Mais au même moment, un événement bouleverse la réception du film : les émeutes de Stonewall. Le 28 juin 1969, la police fait une descente dans un bar gay à New York : le Stonewall Inn.
Les fêtards résistent toute la nuit aux forces de l’ordre. Les jours suivants voient naître une nouvelle forme de lutte pour les droits LGBT. Le message est “gay and proud”.
Le cinéma suit le mouvement et s’essaye à un nouveau genre : plus politique, plus militant. The Boys in the Band devient alors rapidement daté. Le film est vu comme trop triste, montrant la déprime de gays qui se cachent.

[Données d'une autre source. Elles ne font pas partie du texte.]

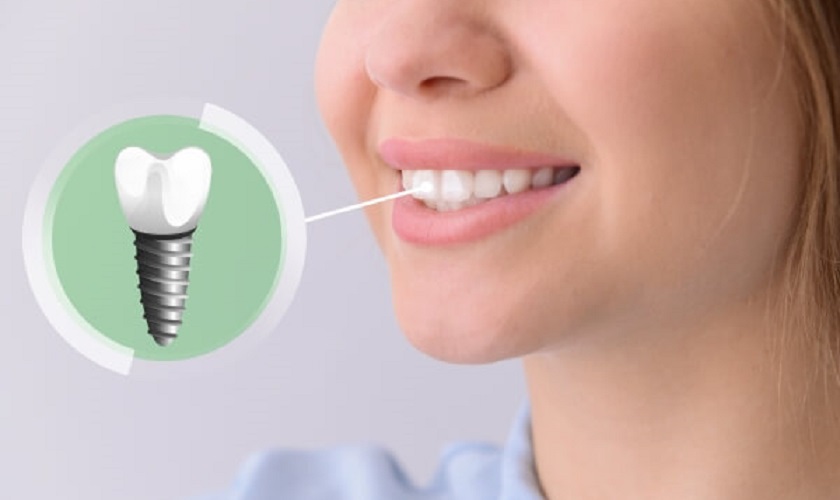 Tuổi thọ của răng Implant và những yếu tố ảnh hưởng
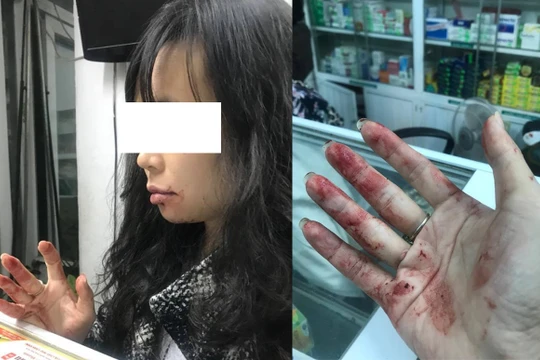 Chị N.D phản ánh bị tài xế Uber hành hung (ảnh nhân vật cung cấp)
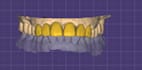 design natural looking dental veneers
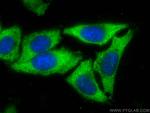 ZER1 Antibody in Immunocytochemistry (ICC/IF)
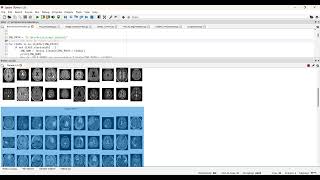 Brain Tumor Segmentation Using Simple CNN Console in Python Projects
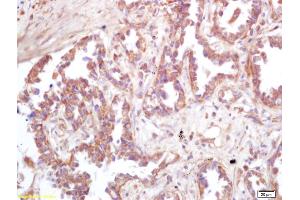 Formalin-fixed and paraffin embedded human lung carcinoma labeled with Rabbit Anti ATP6IP2 Polyclonal Antibody, Unconjugated (ABIN872738) at 1:200 followed by conjugation to the secondary antibody and DAB staining (ATP6AP2 antibody  (AA 280-350))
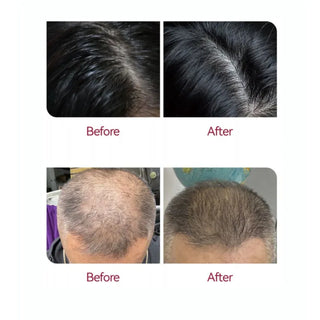 Beaver Anti-Hair Loss Serum 50ml - MV hair and beauty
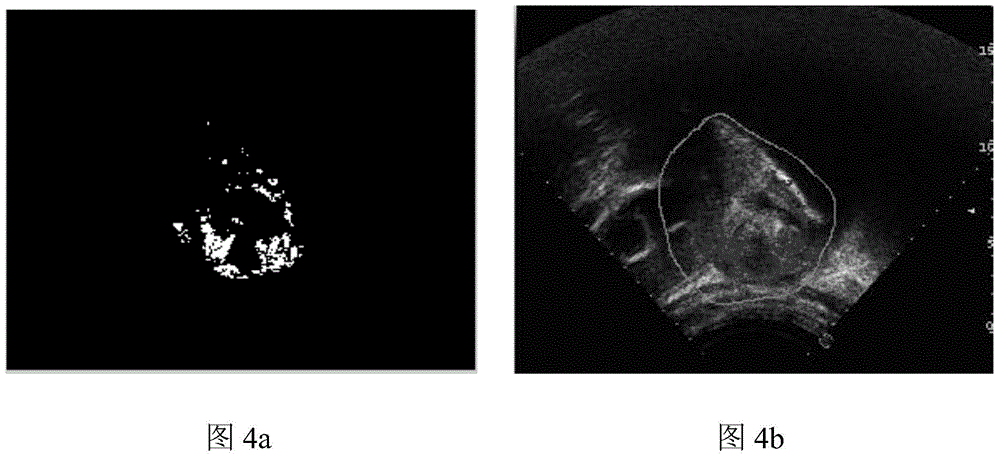 Extraction method of vascular perfusion area in contrast-enhanced ultrasound images based on brox optical flow method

“Les personnages de 'Boys in the Band' ne sont pas du tout politiques, c’est ça la grosse différence entre ceux de ce moment-là et ceux d’après. Ce ne sont pas du tout des gays et des lesbiennes qui vont aller dans la rue, ils vivent tous leur homosexualité plus ou moins ouvertement, plus ou moins bien mais ce sont des façons de vivre individuelles, ce qui va changer, après 1969, c’est que ça va devenir un combat collectif", développe Didier Roth-Bettoni.
“Ce fut la première pièce qui traitait du mode de vie des gays, et elle était à la fois extrêmement drôle et émouvante. Elle resta gravée à jamais dans la mémoire de ceux qui la virent.” William Friedkin__.
Une source d'inspiration
The Boys in the Band reste un tournant. La pièce, puis le film, ont directement inspiré la manière de raconter les histoires d’hommes gays comme dans Making Love d’Arthur Hiller sorti en 1982, Mala Noche (1986) et My Own Private Idaho (1991) de Gus Van Sant et plus tard Le Secret de Brokeback Moutain (2006) d’Ang Lee.